Ivor returned to the Guards Depot which allowed Carola and him to build friendships with officers from every Regiment of the Household Division. He had one rather fraught summer in Cardiff in 1958 organising the Empire Games where the rowing platform sank and the boxing and wrestling rings had to be dismantled and rebuilt every night. His talent for organisation and getting things done was recognised with his award of the MBE. The experience stood him in good stead in later years when faced with the challenges of managing and maintaining Pembroke Castle.

His last appointment was to command The Prince of Wales Company. One of his platoon commanders, 2nd Lieutenant Charles Guthrie, later Field Marshal Lord Guthrie, remembered Ivor with affection: ‘He was the perfect company commander to have for a newly joined subaltern, beautifully mannered, avuncular, not overzealous which can be tiresome when you first join and want just to settle yourself and soak up the Regiment’s ethos, and he was jolly good on the Guardsmen’s welfare. I owe him a good deal’.

Ivor retired from the Army in 1962, thankful that his time in the Welsh Guards had prepared him for his responsibilities as a farmer and custodian of Pembroke Castle. The castle had been bought by his grandfather, Major General Ivor Philipps for the sum of £3000 in 1928. The castle, one of the finest privately owned castles in Britain, was worth preserving for its provenance alone. Built in 1093 by Roger of Montgomery and sited on a commanding ridge over two tidal inlets, it bore witness to the great events of Welsh history, including the birth in the castle of King Henry VII in 1457. It is now managed by a private charitable trust run by trustees from Ivor’s family and Pembroke town council. It is one of Wales’s best loved attractions.

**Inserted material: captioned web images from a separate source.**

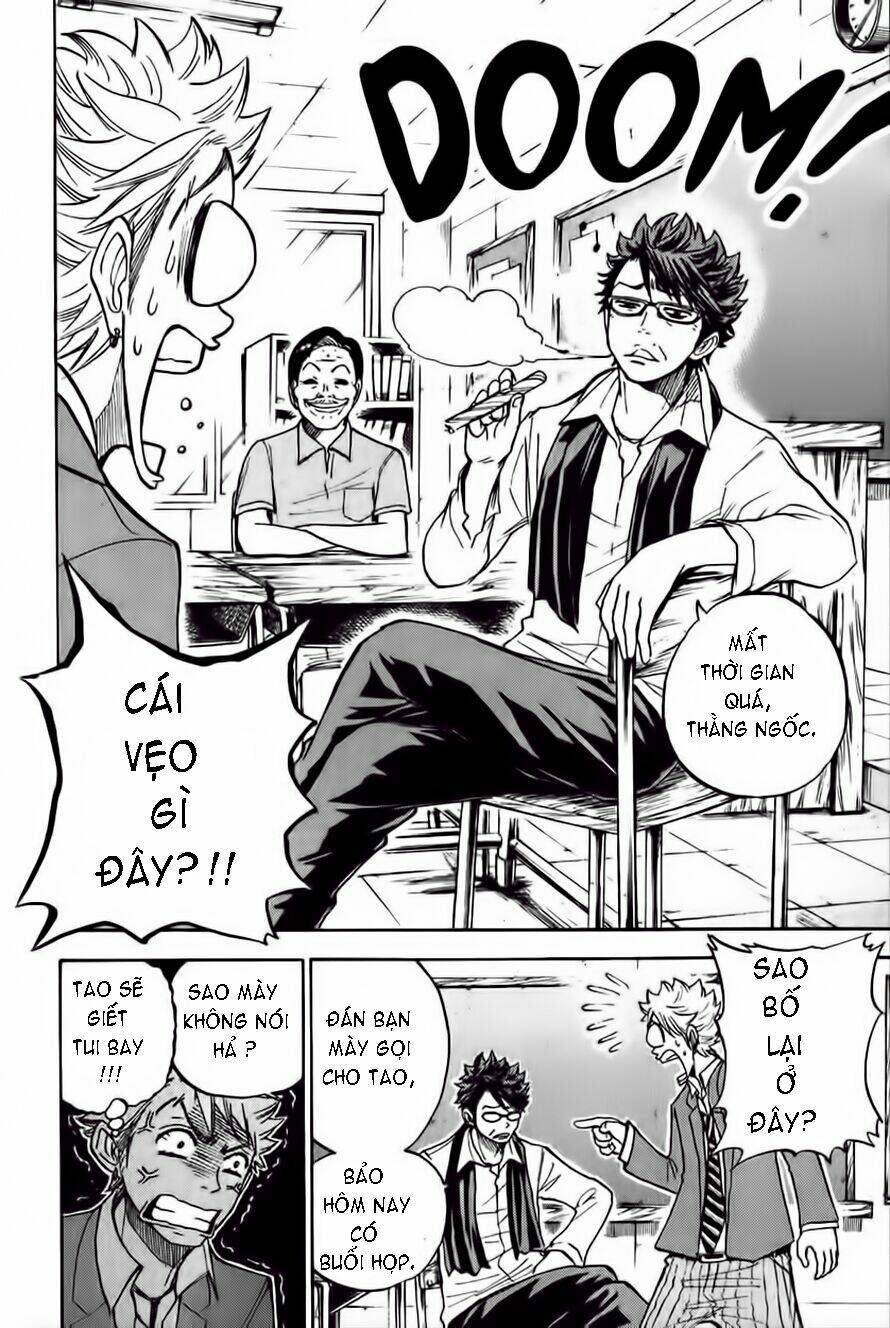 Yankee-Kun To Megane-Chan – Nhóc Quậy Và Nhỏ 4 Mắt Chapter 177 - Trang 2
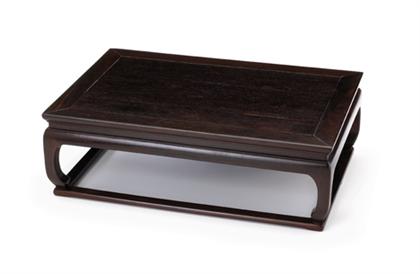 Chinese Hongmu table stand  19th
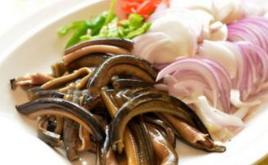 洋蔥炒鱔絲 洋蔥炒鱔絲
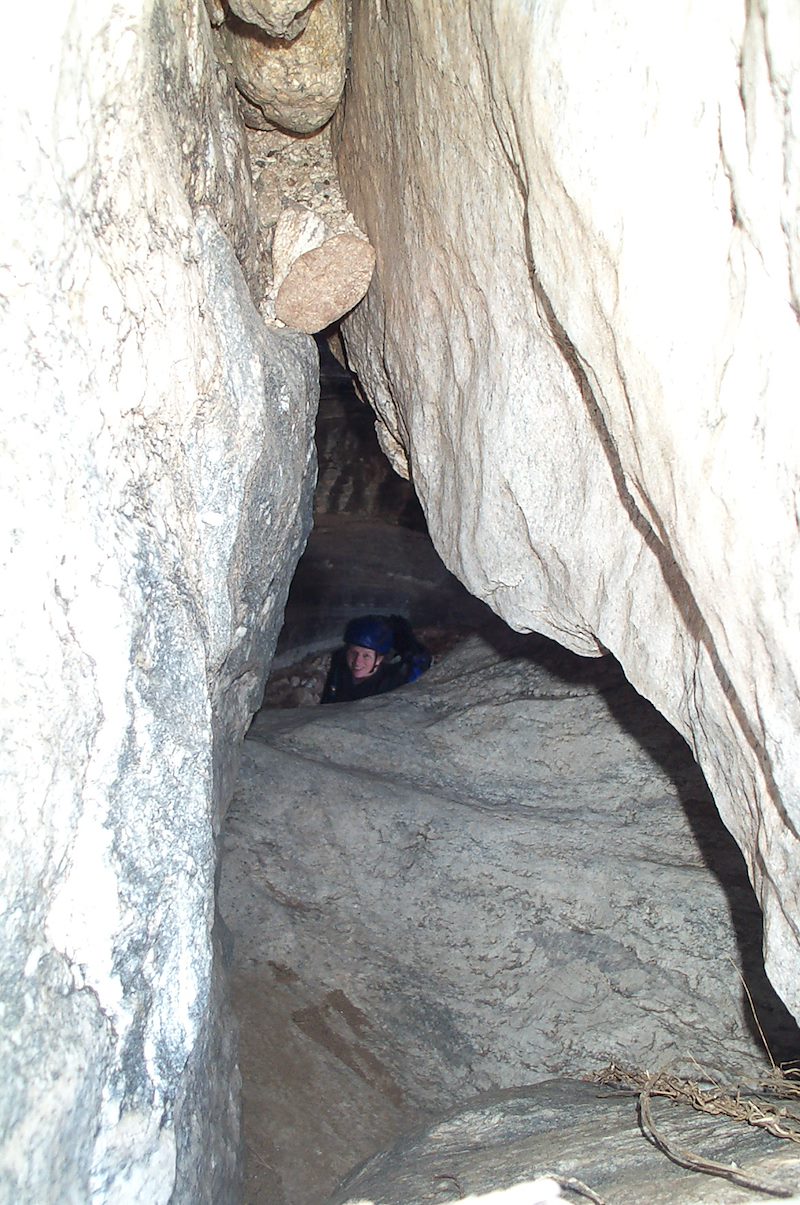 2006 January Soldier Canyon Hole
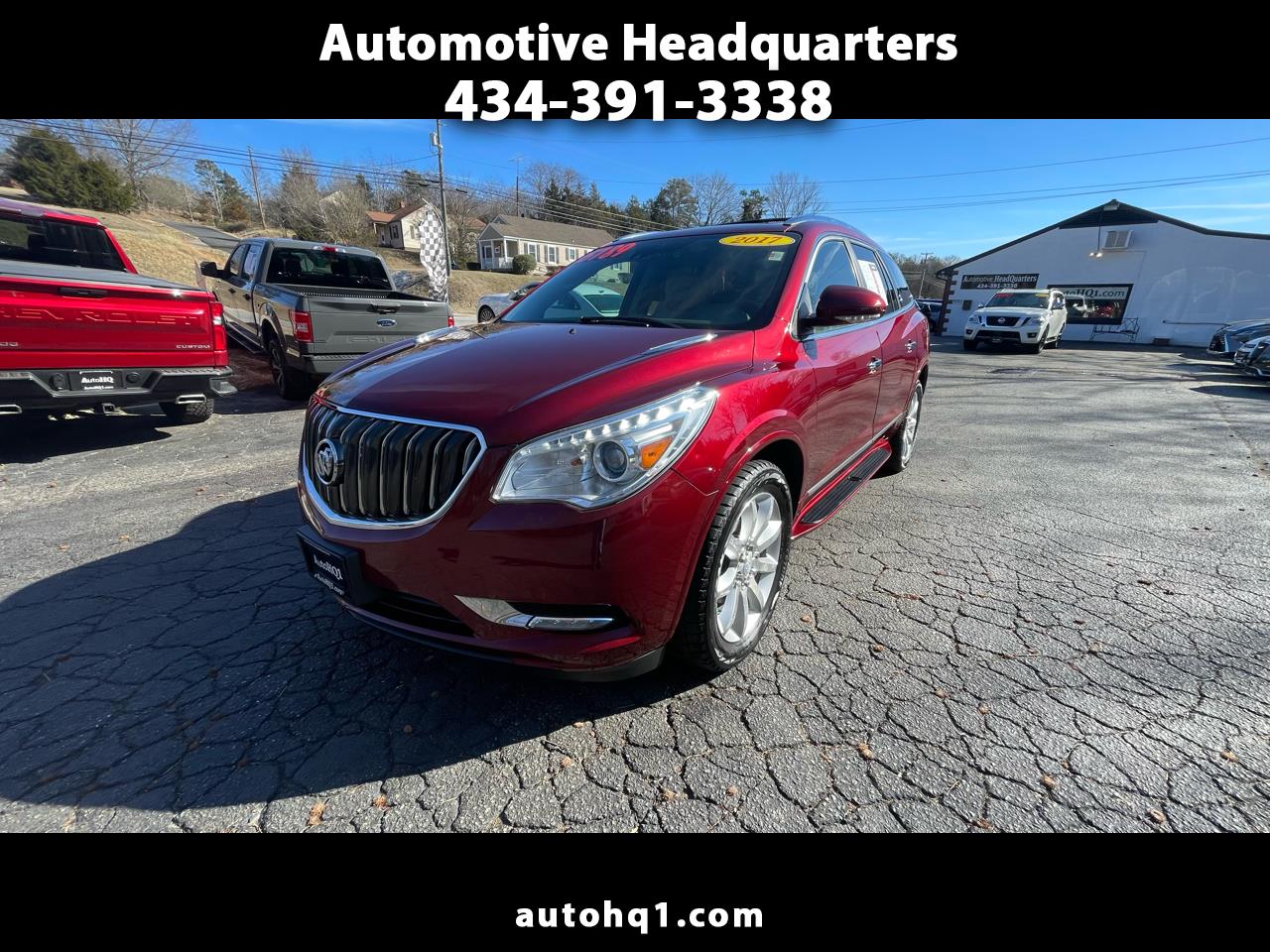 2017 Buick Enclave Premium AWD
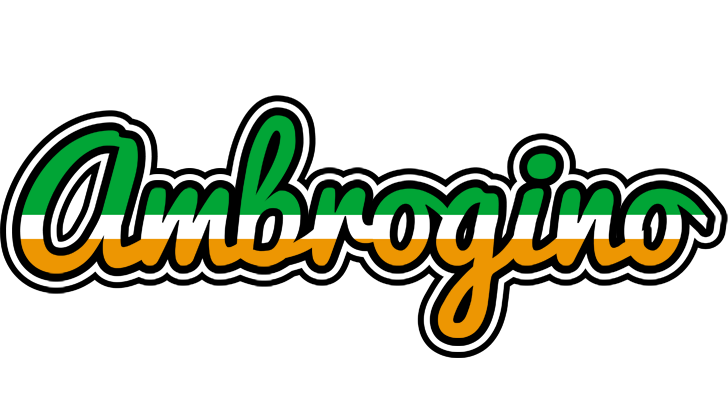 Ambrogino ireland logo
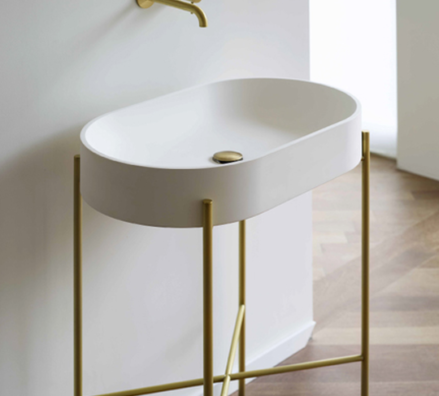 Sb Stand Basin Whiteandbrass 2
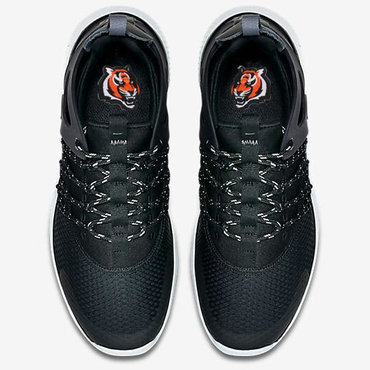 Nike Cincinnati Bengals London Olympics Black Shoes-1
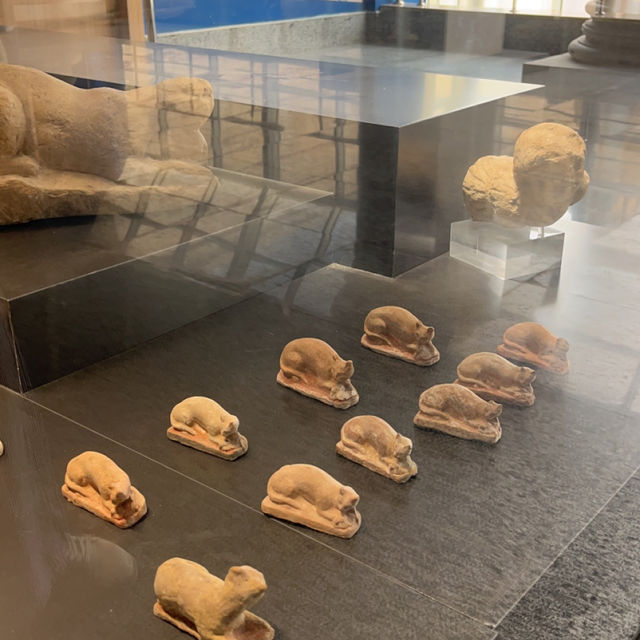 Journey Through Time at the Greco-Roman Museum!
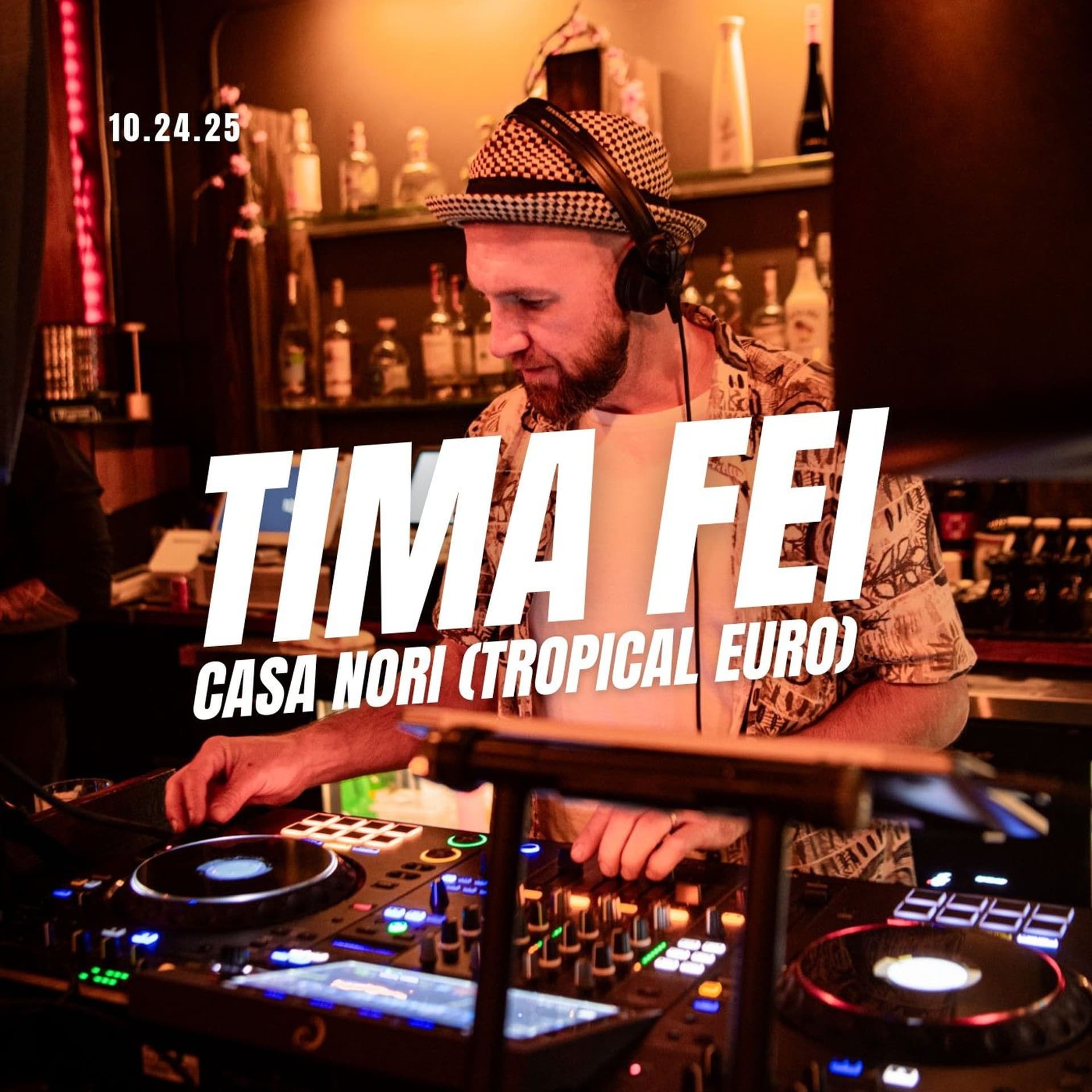 Casa Nori (Tropical Euro) 10.24.25 - Tima Fei cover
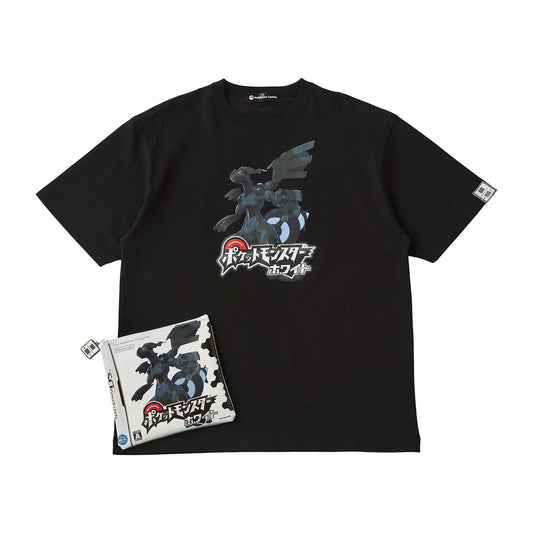 Pokémon  - 30th Anniversary Package Design - T-Shirt in Pouch Pokémon  White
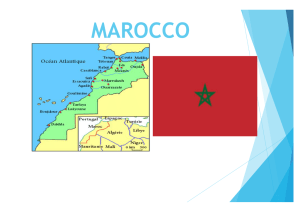 marocco - "G. Segantini" Asso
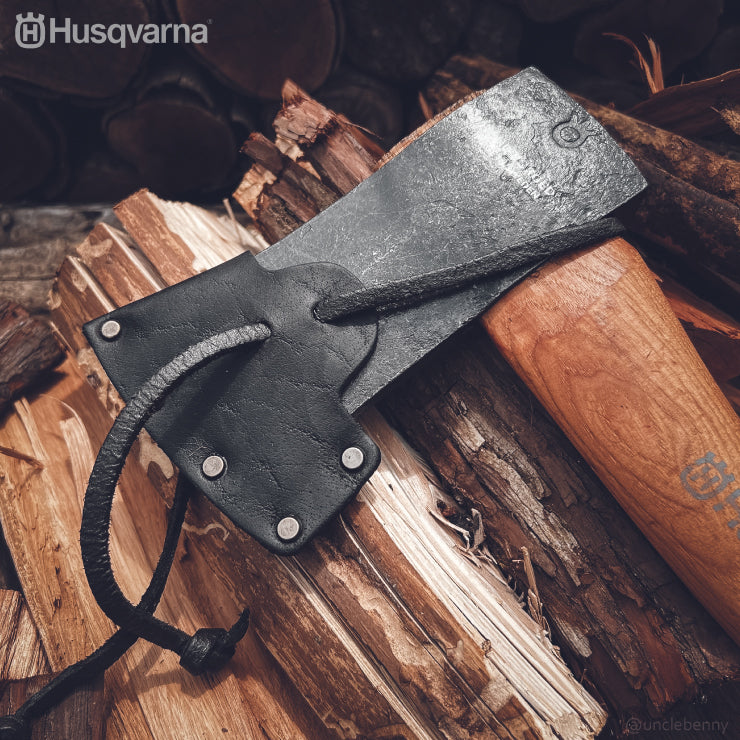 瑞典Husqvarna •  手工鍛造Wood Splitting Axe-Small 劈木斧 - 官方授權販售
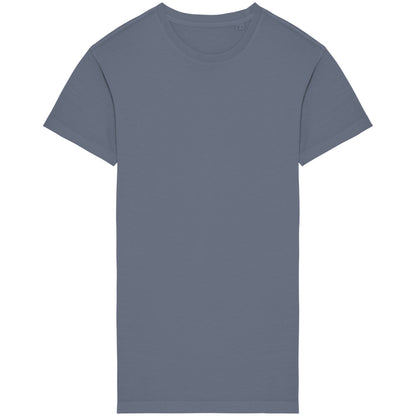 Mineral Grey - Front - Native Spirit Womens-Ladies T-Shirt Dress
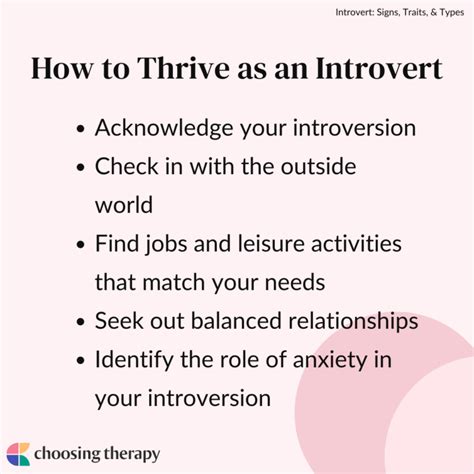 Introvert Signs Traits And Types Choosing Therapy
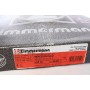 Диск гальмівний (передній) MB S-class (W221)/E-class (W211) 03-13 (350x32)(з покр)(з отворами(вентил)
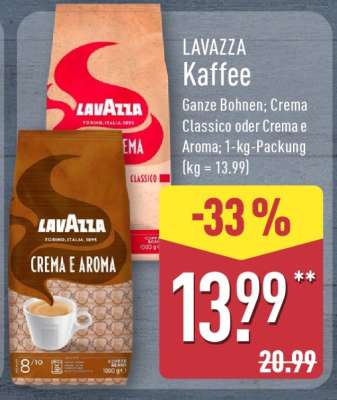 Lavazza Kaffee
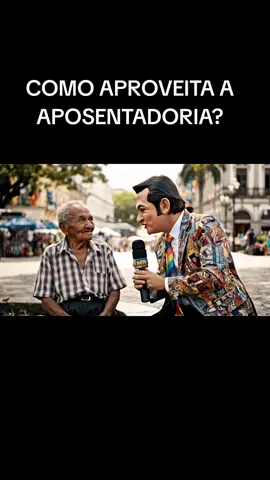COMO APROVEITA A APOSENTADORIA? #aposentadoria #inss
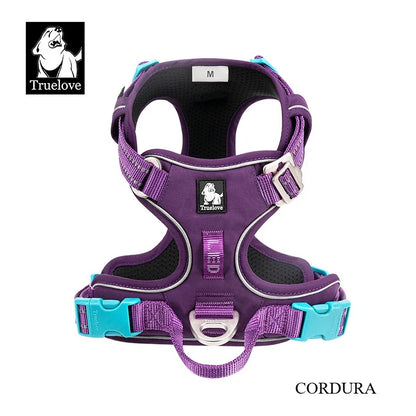 TRUELOVE No Pull Dog Harness Reflective Breathable Adjustable Training Vest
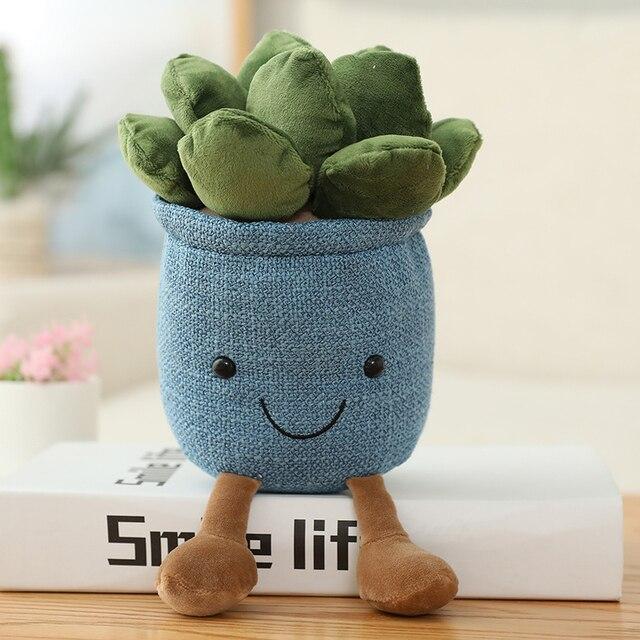 BowLift | Buddy Moonstones Flower Pot Plush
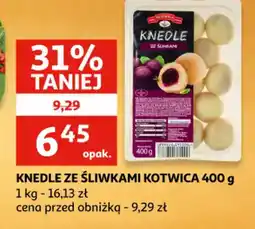 Auchan KNEDLE ZE SLIWKAMI KOTWICA oferta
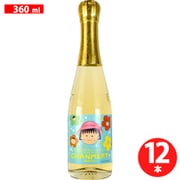 季節品 ちびまる子ちゃんシャンメリーホワイト 360ml×12本 [炭酸飲料水]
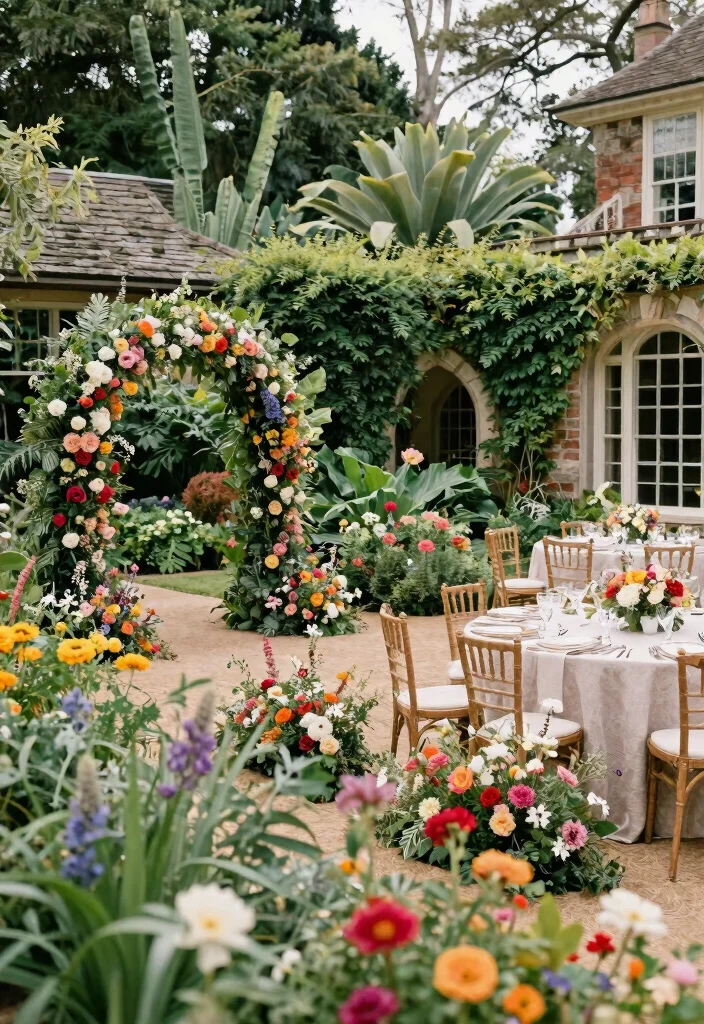 21 Luxurious Outdoor Wedding Venues That Redefine Elegance (You Can't Miss #4!) - 13. Historic Botanical Garden 1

Ivor, mindful of his wider obligations, threw himself into local community life: Pembrokeshire Yeomanry, High Sheriff in 1969, the year of The Prince of Wales’s investiture, Deputy Lieutenant, and President of Welsh Guards Pembroke Association for half a century. He was also a Gentleman at Arms, Her Majesty’s official bodyguard and took part in the wedding of The Prince of Wales to Princess Diana.

But it was not all civic duty. Ivor loved sailing in the waters around Milford Haven which he found the perfect antidote to his local commitments. Known by many as the ‘galloping major’, a reference to a well-publicised speeding offence, Ivor was held in great affection by the local community who recognised in him a rare selflessness and generosity of spirit.

Ivor knew how very fortunate he was to survive pancreatic cancer in 2004 and lived every year thereafter as a bonus. At his Service of Thanksgiving at St Mary’s Church Pembroke, there was standing room only. One of the Readings was Success by Robert Louis Stevenson with its verse so redolent of Ivor’s life, ‘The man is a success who filled his niche and accomplished his task, who looked for the best in others and gave the best he had; his memory is a benediction.’